There's no counting the number of times the media have asked: Will this be the thing that drives Donald Trump's supporters away from him? Is this finally the time?

During the campaign, it was incessant: the times he'd insult his opponents, the Access Hollywood tapes, the latest foray into "political incorrectness." Once he was elected, the focus shifted to his appointments and proposals: choosing Goldman Sachs executives for his senior team and cabinet, bombing a Syrian airfield, proposing a budget that cuts social program spending.

Whether the president's decision is good or bad, the action justifiable or appalling, the question is always, always posed: Won't this drive away his voters?

Coming from the polling world, I've long since stopped expecting that any one thing is "the thing" that will dramatically shift Trump's numbers downward. And with exciting new research out on just who comprises Trump's coalition, I believe that part of the resilience of Trump's numbers comes in large part because not all Trump voters are alienated by or attracted to the same things about the president.

For all the constant churn of the news cycle and the endless stream of outrage, backlash, and bluster, Trump's job approval numbers have stayed surprisingly stable since his inauguration. From around 44 percent during his "honeymoon" period, Trump's approval numbers are still around 40 percent. For comparison, Barack Obama's approval rating started in the mid-60s, and by late June of his first year, it was approaching the mid-50s. (Still better numbers overall than those enjoyed by President Trump, to be sure.)

Part of this is because of the calcification of views of Trump among Democrats: Trump hasn't lost ground with the Left because he never had ground with them to start with. Obama's numbers fell by a slightly larger amount over his first few months because he enjoyed much more support right at the start from Republicans, support that eroded quickly.

But I suspect part of this has to do with the ideological diversity and varied interests of Trump's coalition. A new study out from Democracy Fund's Voter Study Group – a research coalition I was honored to advise – covers a great deal of ground explaining and understanding the who, what, why and how of the 2016 election.

In the study Cato Institute scholar Emily Ekins lays out typology of the Trump voter, finding five clusters of voters in his coalition.
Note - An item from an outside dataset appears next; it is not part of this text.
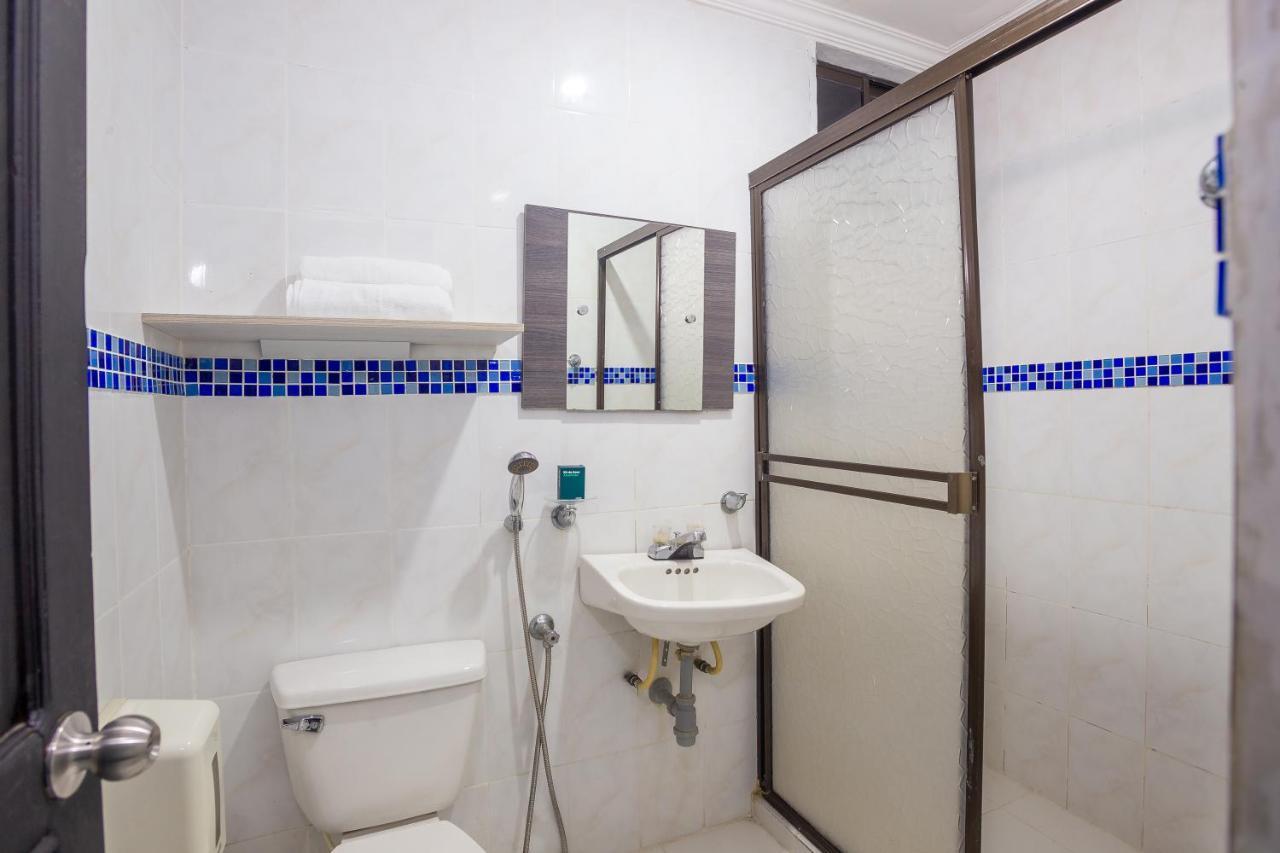Ayenda Casa Real Hotel มอนเตริอา ภายนอก รูปภาพ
In a sense, most of these clusters are represented by at least a handful of Trump White House senior advisers. The diverging views of these advisers look like a source of conflict, but they also make the Trump administration look like Trump's electorate.
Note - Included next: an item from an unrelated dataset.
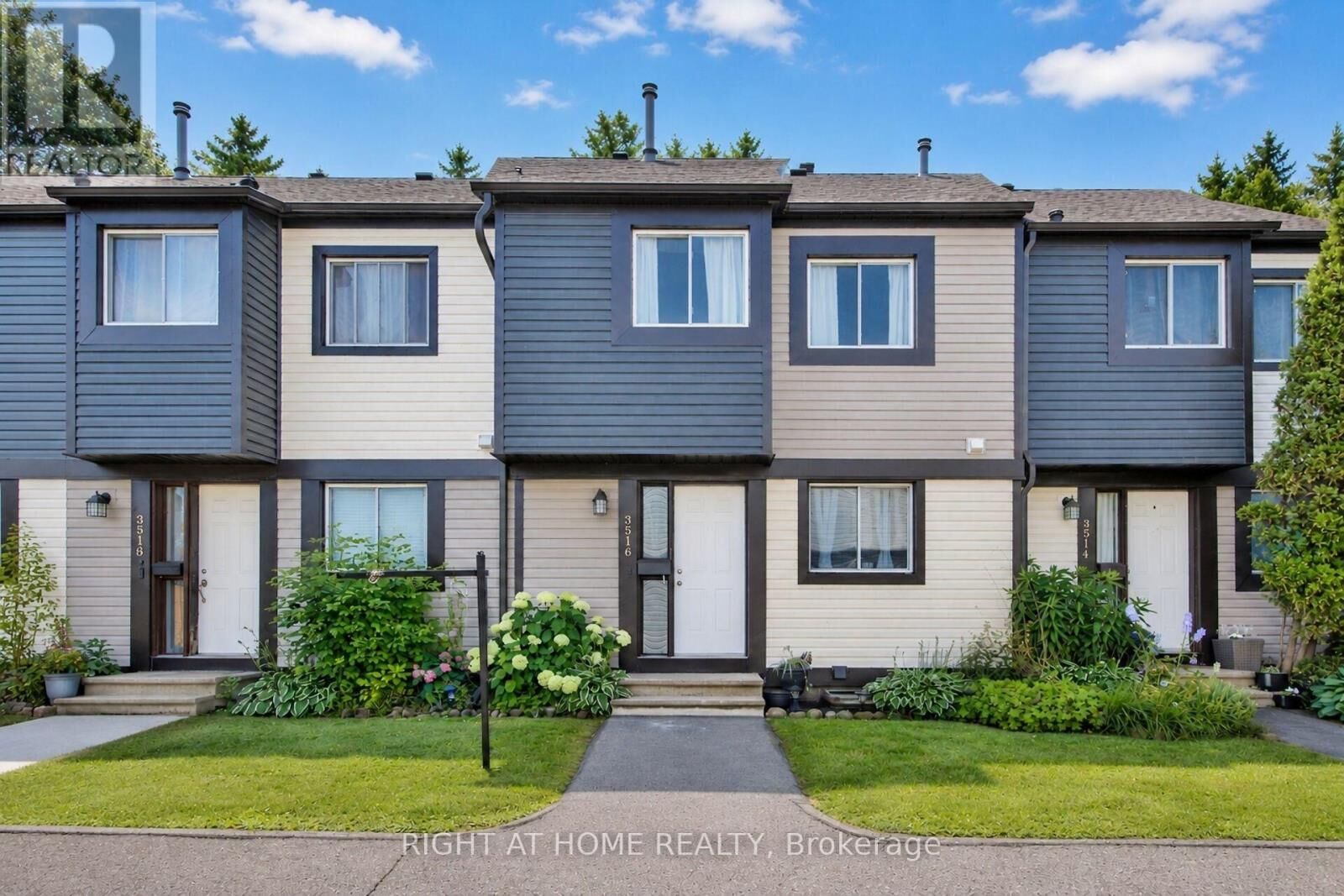 Property Photo: 3516 Aladdin Lane 16 ON K1T 1E2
"Staunch conservatives" are the largest cluster, making up 31 percent of Trump's voter base. These are traditional Republican types, favoring conservative social and economic policy. Reince Priebus, the career party operative, fits this mold.
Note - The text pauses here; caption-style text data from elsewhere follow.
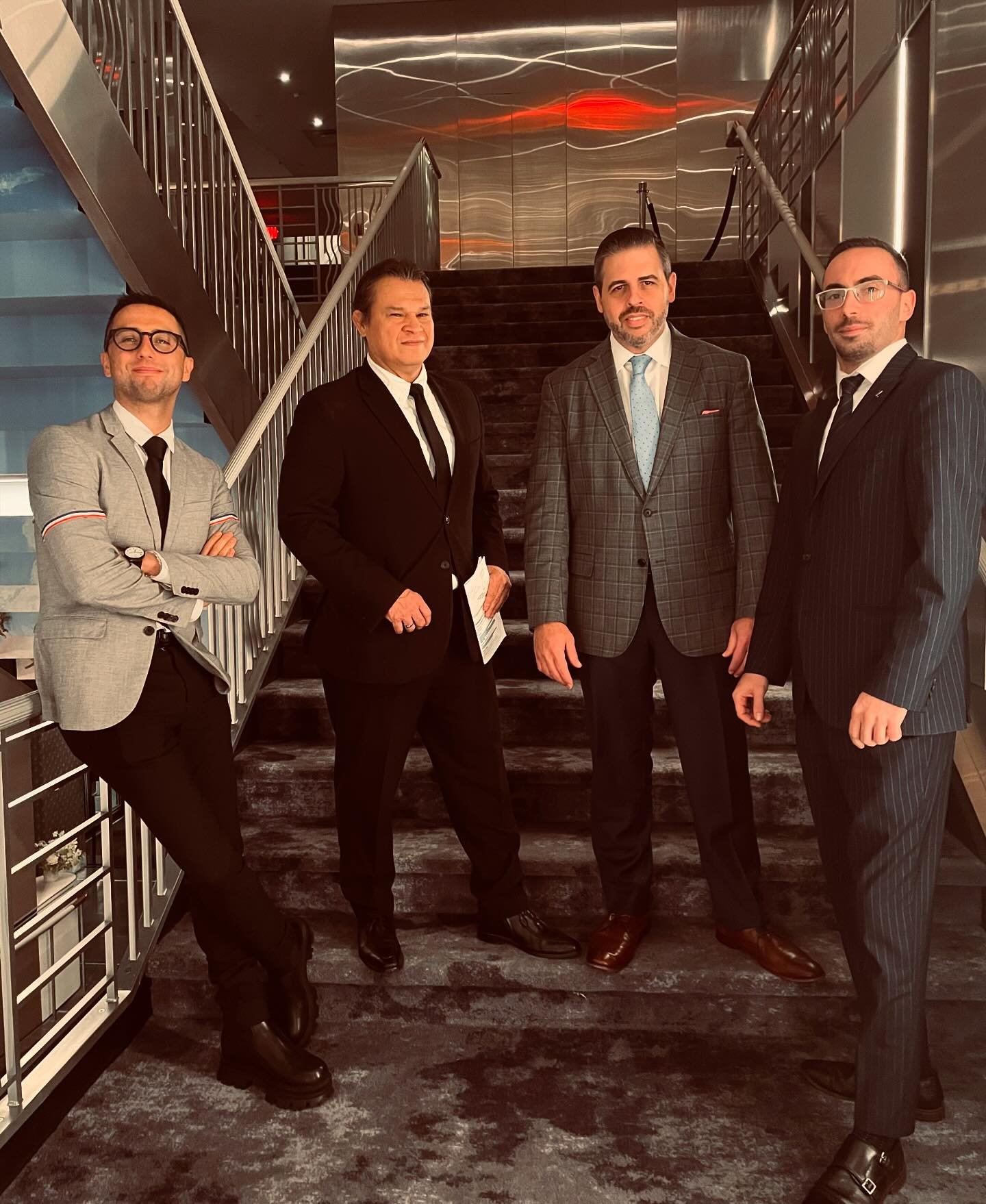 Happy Friday from our team to yours!! 💖💖 

#ziegfeldballroom #nyc #eventvenue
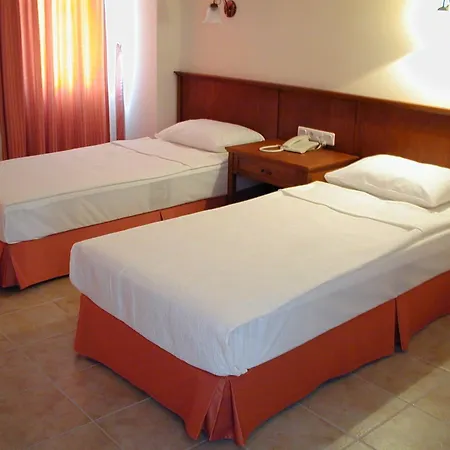 Avos 3* マルマリス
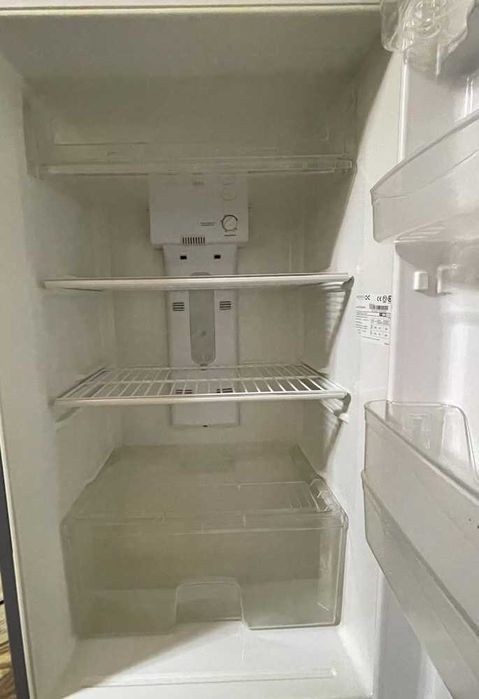 Срочно продаю двух камерный холодильник Daewoo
The second-largest group is the "free marketeers," at 25 percent. These are your Wall Street types, those with fairly moderate social views and who tend to be pro-free trade and pro-immigration, embodied in the White House by either Ivanka Trump or Gary Cohn, the Goldman Sachs alumnus.

Behind them come the "American preservationists," who are 20 percent of Trump's coalition. Staunch conservatives and free marketeers are fairly typical Republicans, while the American preservationists are far less reliably a part of a GOP coalition. These folks are in many ways economically progressive, with what Ekins calls "a nativist and ethnocultural conception of American identity." Think of them as the Steve Bannon wing of the coalition.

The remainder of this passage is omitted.